Recently I was intrigued by the term ‘business intelligence’, I was like what type of intelligence is this now, sigh?. But was soon more curious as I read about it, in simple words, BI is taking data from past, comparing with present, churning the damn numbers and making correct decisions for the future. Sounds cool right? It is basically another application of data science and surprisingly it existed in the companies even before data analysis! Well, BI is whole another domain to cover and learn. I just wanted to get you excited for my article about data science.
I was very excited as I enrolled for the course of data analytics for the semester as this topic has always fascinated me one way the other. Doing the ‘Introduction to Data Science’ on Cognitive AI platform just enlightened me with different questions like, “What is data science?”, “What skills to be acquired to get into this domain?”, “What tools and languages are used?” and many more! Data science is a field where we use different statistical and logical measures, methods, and algorithms for analyzing the given set of data and finally getting the required conclusions about the same.
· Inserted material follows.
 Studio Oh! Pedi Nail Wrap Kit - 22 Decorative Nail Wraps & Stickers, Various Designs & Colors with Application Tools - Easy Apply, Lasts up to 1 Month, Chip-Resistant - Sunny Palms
The term itself sounds so cool to me! It was coined by DJ Patil, an American mathematician and computer scientist.
Data is a collection of facts related to an object, numbers, and measurements from sensors, observations of an experiment, or even past conclusions made over the years. So then we just analyze it and we are done right? Well, it is a series of steps to get to the right analysis. First is, Data Requirements Specification as trivial it might sound, but targeting the problem and identifying the factors is definitely a big task. For example, stock market analysis, I mentioned this and lots of uncertain factors going in your head, yes so targeting a specific stock with current trading price, demand and supply factors or some unprecedented factors like a lawsuit, splits, mergers, etc has to be done carefully looking over the problem. This is just again whole another interesting thing to look into.
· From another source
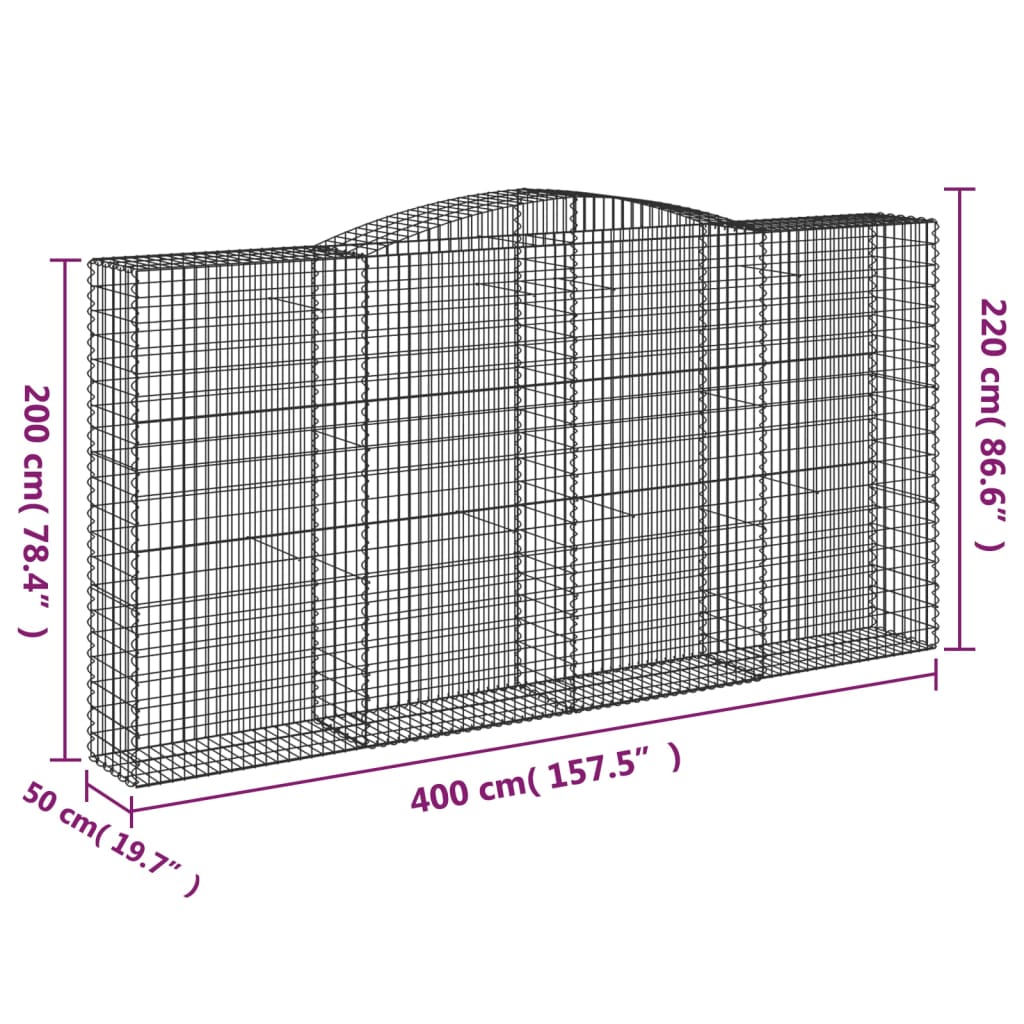 vidaXL Arched Gabion Baskets 3 pcs 400x50x200/220 cm Galvanised Iron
The second step of data analysis is Data Collection. Yes, this step also feels trivial but collecting enough data is also a task. Almost 10–15 years back when companies had to make decisions regarding some product performance, they had to rely on data on papers, books, registers, etc. Now we are blessed with the Internet users that have increased over the years in turn increasing the data produced. Collecting the right data on the targeted variables in the previous step. Data is collected from various resources and hence is not structured and may contain redundant or irrelevant information, thus making the next step important i.e. Data Processing. This step includes structuring the data as required for the further analysis process. Like placing the data into rows and columns for ease of access, checking out for redundant information or wrong values for the same variable, etc. This step facilitates the next step of Data Cleaning. The processed data might be incomplete in some way or has errors. We correct or prevent the further errors through data cleaning methods. While I was learning to clean the data given, it’s actually useless when you have blank values or null values in the table. It implies that the data pertaining to the particular factor at that time isn’t correct and might induce the errors while training the model. Hence it was good to remove the null values completely or else replace them with a number that is the average or threshold or maybe just assign it ‘0’.
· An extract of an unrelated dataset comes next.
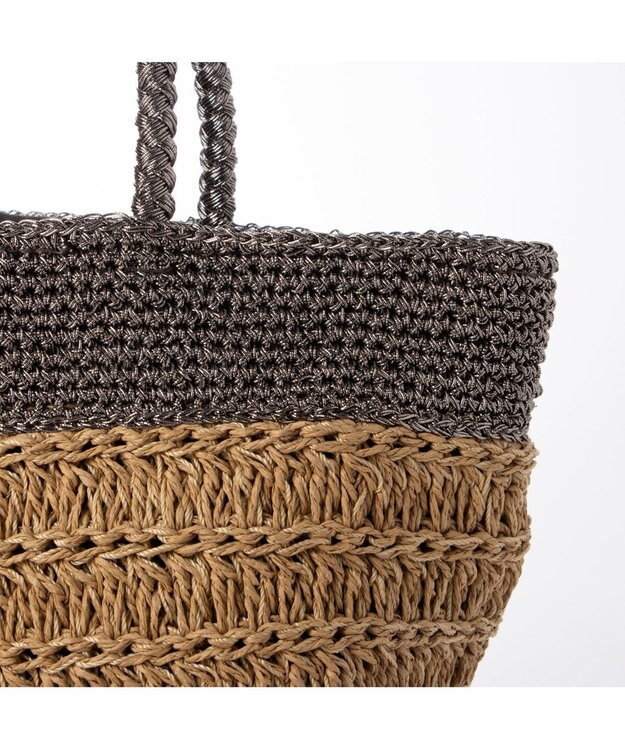 UNBILLION カシュカシュ cachecache / ラメ切替クロッシェトート カゴバッグ ダークシルバー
The final step is our topic of interest, Data Analysis. In this step we can apply statistical methods like regression analysis, correlation to identify how the target variables and our output is correlated. The data I worked on was the handwriting data of certain letters like ‘m’, ‘v’ etc. This data I could make sense of only when I used the techniques of visualizing it like plot, graphs, etc. Data visualization methods also help a lot in analyzing the data. If we get biased output or get something haphazard then we need to iterate through these steps again to get a clear nonbiased output.
Well that was just one aspect of data science, Wikipedia says that:
It is a “concept to unify statistics, data analysis, machine learning, domain knowledge” in order to “understand and analyze the actual phenomena” with data.
Jim Gray a Turing Award Winner (Prize given by Association of Computing Machinery) claimed data science to be the “fourth paradigm” of science and asserted that “everything about science is changing because of the impact of the IT and data deluge”. In conclusion, I would like to mention that big data is gaining quite a lot of attention and becoming a really vital tool for industries these days. So even though we might be from totally different career backgrounds, we need to have a little insight about data science and how it can help us and make the product/service we provide better!